Apr 26 04:33:07 5a9s9-node4 rshim[17469]: Probing pcie-0000:81:00.2
Apr 26 04:33:07 rshim[17469]: create rshim pcie-0000:81:00.2
Apr 26 04:33:08 rshim[17469]: another backend already attached
Apr 26 04:33:08 rshim[17469]: USB device detected
This causes no rshim device entry(/dev/rshim0) and network interface(tmfifo_net0) for DPU at host machine. So, without these we cannot access DPU from host.
One important observation occurred during re-imaging is that re-image using bfb-install got stuck for 5+ hours and to come out of the stuck bfb-install command, I had issued reboot of host machine.
I have tried to solve this issue by referring to NVIDIA troubleshoot guide and work-around suggested in this forum for other users. But the fixes suggested at above links didn’t solve the issue.
So, I started looking into rshim driver source code to understand when driver reports this error.
From rshim driver code here rshim/rshim.c at 6dc1c010e809ab744dc6f387e6804ad61498d9c9 · Mellanox/rshim · GitHub , the reason for this error is one of the rshim register named ‘RSH_SCRATCHPAD1’ is written a some magic value indicator of some other rshim backend(probably, usb or pcie_live_fish) is holding the access to DPU.
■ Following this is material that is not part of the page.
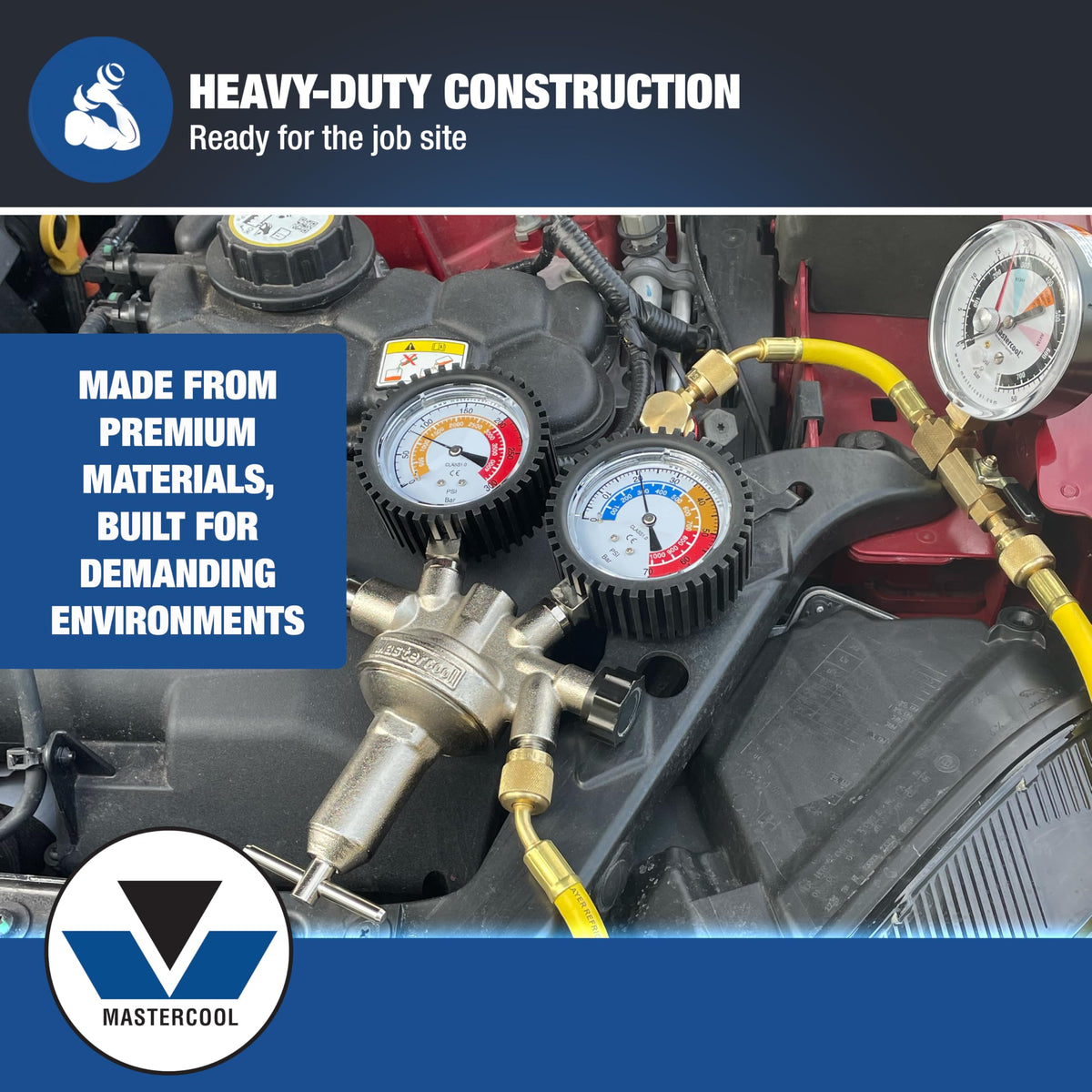 Mastercool kit in use on vehicle A/C system demonstrating efficient on-vehicle testing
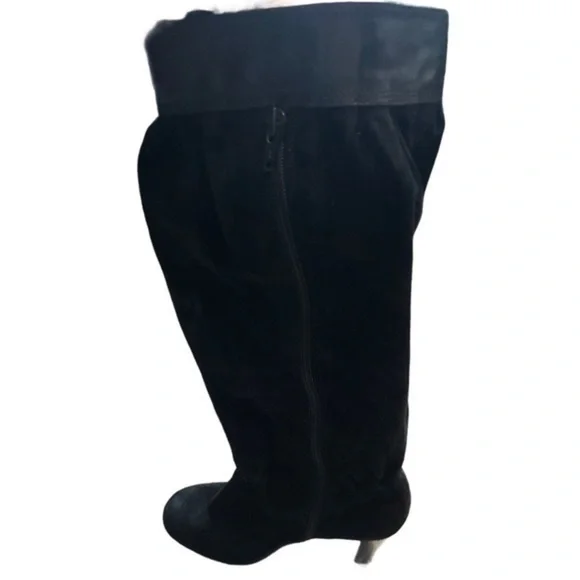 Michael Kors Black Suede Heeled Boots - Picture 2 of 6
I suspected, usb backend could be that other backend which competed with pcie to get access to DPU and overwriting SCRATCHPAD1 register on DPU . So, I explicitly disabled usb backend by adding rshim configuration at ‘/etc/modprobe.d/rshim.conf’ to disable usb & pcie_live_fish backends). But disabling other backends also does not reset register and rshim still reports the same error & not proceeding for device register.
Few other things I have tried without success are below:
- Tried to run rshim driver in foreground mode by explicitly passing backend device in debug mode as below.
[root]# rshim -b pcie -d pcie-0000:81:00.2 -i 0 -l 4 -f
Probing pcie-0000:81:00.2
create rshim pcie-0000:81:00.2
another backend already attached
I see the same error here also.
- I restarted MST(Mellanox Software Tools) and tried to reset nvc config using Mellanox config tool.
The intention behind this step was to create network interface tmfifo_net0. But, that didn’t succeed as it requires rshim device entry as pre-requisite.
Any help appreciated.
Thanks,
Ganesh